Optimizing Agent Workflows for Modern LLMs
Writing effective agent skills requires deep knowledge of prompt engineering. With the release of advanced reasoning models like Claude 3.5 Sonnet, ChatGPT o1, and DeepSeek-V3, prompt templates must focus on structured thinking. Developers are encouraged to use XML tags (e.g., <thought>, <context>, and <rules>) to isolate execution boundaries. Standardized prompts prevent agents from suffering from context drift, ensuring that long-running tasks remain aligned with the initial system parameters.
Exploring by SOC Occupations and Creator Profiles
What makes SkillMD unique is its taxonomy. Instead of simple text search, we parse and organize files according to the Standard Occupational Classification (SOC) system. This means you can discover skills written for Computer and Mathematical roles, Business and Financial operations, Legal, Design, and and Educational Instruction fields. By tracking creator profiles, developers can study how different teams organize their custom instructions, compare version updates, and fork public configs for specialized enterprise use cases.
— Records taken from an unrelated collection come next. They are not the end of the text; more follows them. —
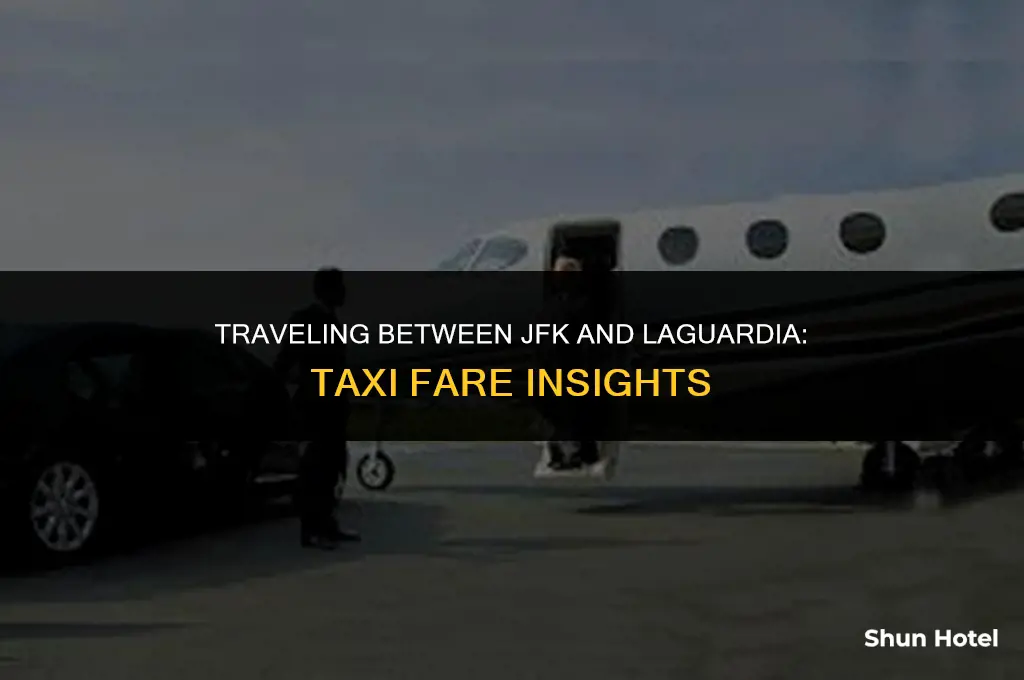 how much is a taxi from jfk to laguardia airport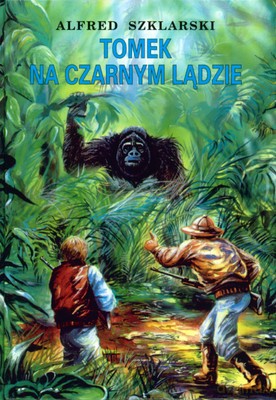 Tomek na Czarnym Lądzie - Alfred Szklarski [KSIĄŻKA]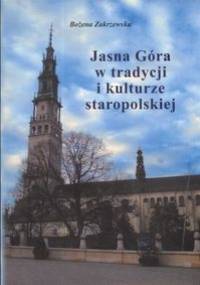 Jasna Góra w tradycji i kulturze staropolskiej - Bożena Zakrzewska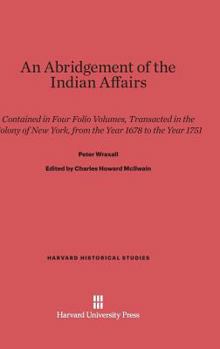 Hardcover An Abridgement of the Indian Affairs: Contained in Four Folio Volumes, Transacted in the Colony of New York, from the Year 1678 to the Year 1751 Book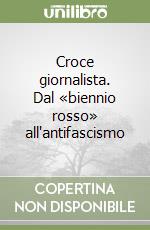 Croce giornalista. Dal «biennio rosso» all'antifascismo libro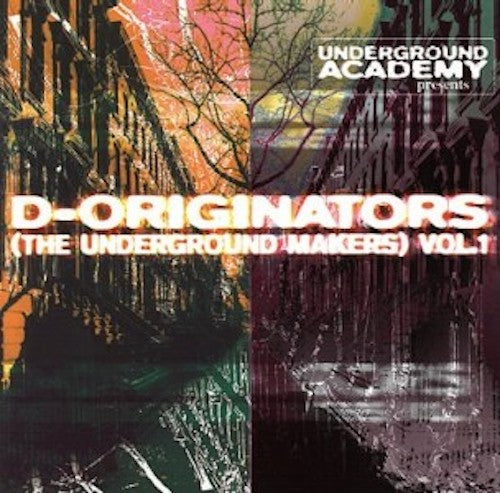 D-Originators - D-Originators (The underground makers) Vol. 1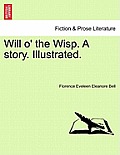 Will O' the Wisp. a Story. Illustrated.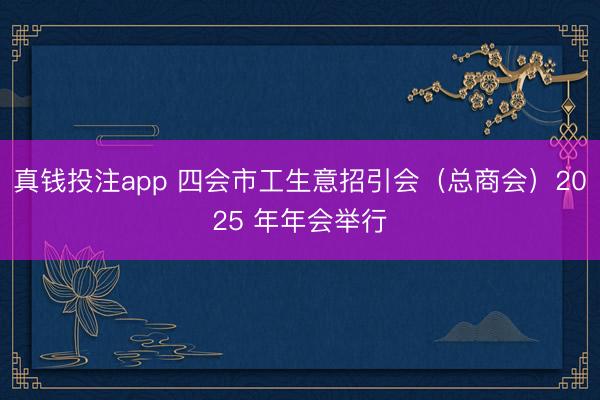 真钱投注app 四会市工生意招引会（总商会）2025 年年会举行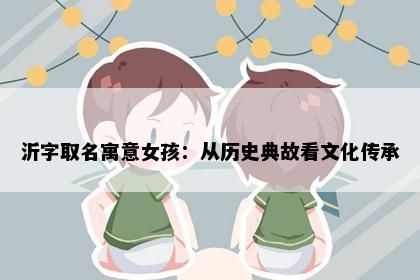 沂字取名寓意女孩：从历史典故看文化传承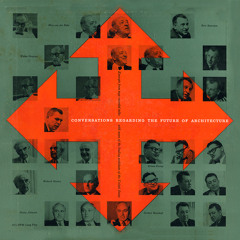 Conversations Regarding the Future of Architecture. 1956. SIDE 1.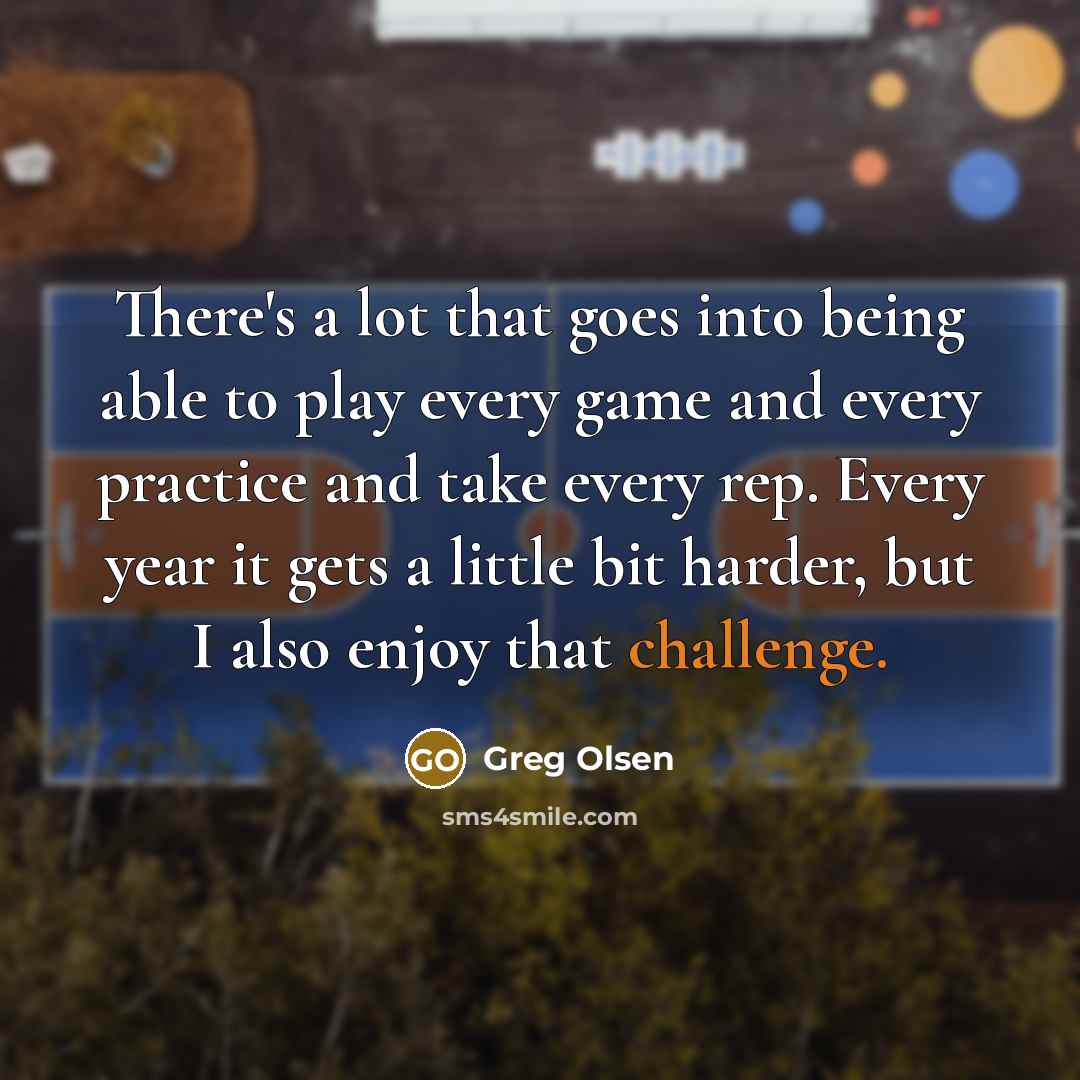 “There's a lot that goes into being able to play every game and every practice and take every rep. Every year it gets a little bit harder, but I also enjoy that challenge.” quote by Greg Olsen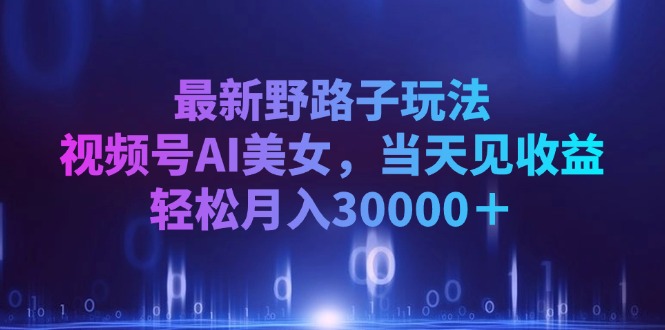 （12798期）最新野路子玩法，视频号AI美女，当天见收益，轻松月入30000＋_生财有道创业项目网-生财有道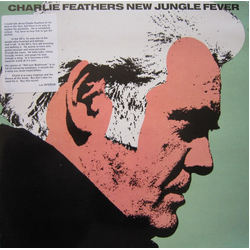 Charlie Feathers New Jungle Fever Vinyl LP USED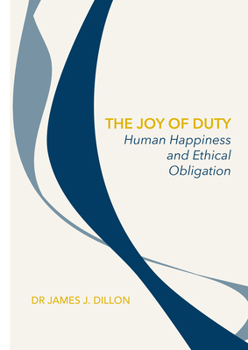 Hardcover The Joy of Duty: Human Happiness and Ethical Obligation Book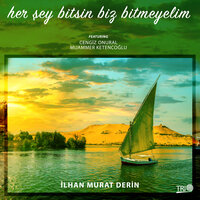 Her Şey Bitsin Biz Bitmeyelim - İlhan Murat Derin & Cengiz Onural & Muammer Ketencoğlu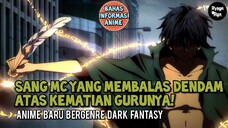 Sang MC Balas Dendam Kematian Sensei nya - Bahas Informasi Anime [Info&News]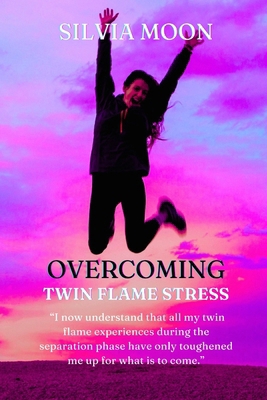 The Twin Flame Stress: Tips and Tricks to Overc... [Large Print] B09YV8SKCZ Book Cover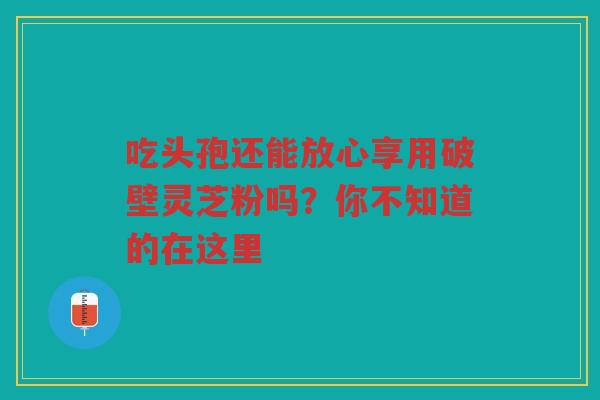 吃头孢还能放心享用破壁灵芝粉吗?你不知道的在这里 吃头孢还能放心享用破壁灵芝粉吗?你不知道的在这里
SkillMD operates as a high-performance index running on a fast Go backend and a highly responsive Astro SSR frontend. All search queries execute in milliseconds, featuring smart debouncing to prevent multiple API requests while keeping user data secure. Join our community of developers to standardize your AI agent instructions and optimize your LLM prompting workflows today.
Frequently Asked Questions
A practical guide to agent skills: what they are, how to inspect them, and how SkillMD helps you explore the ecosystem.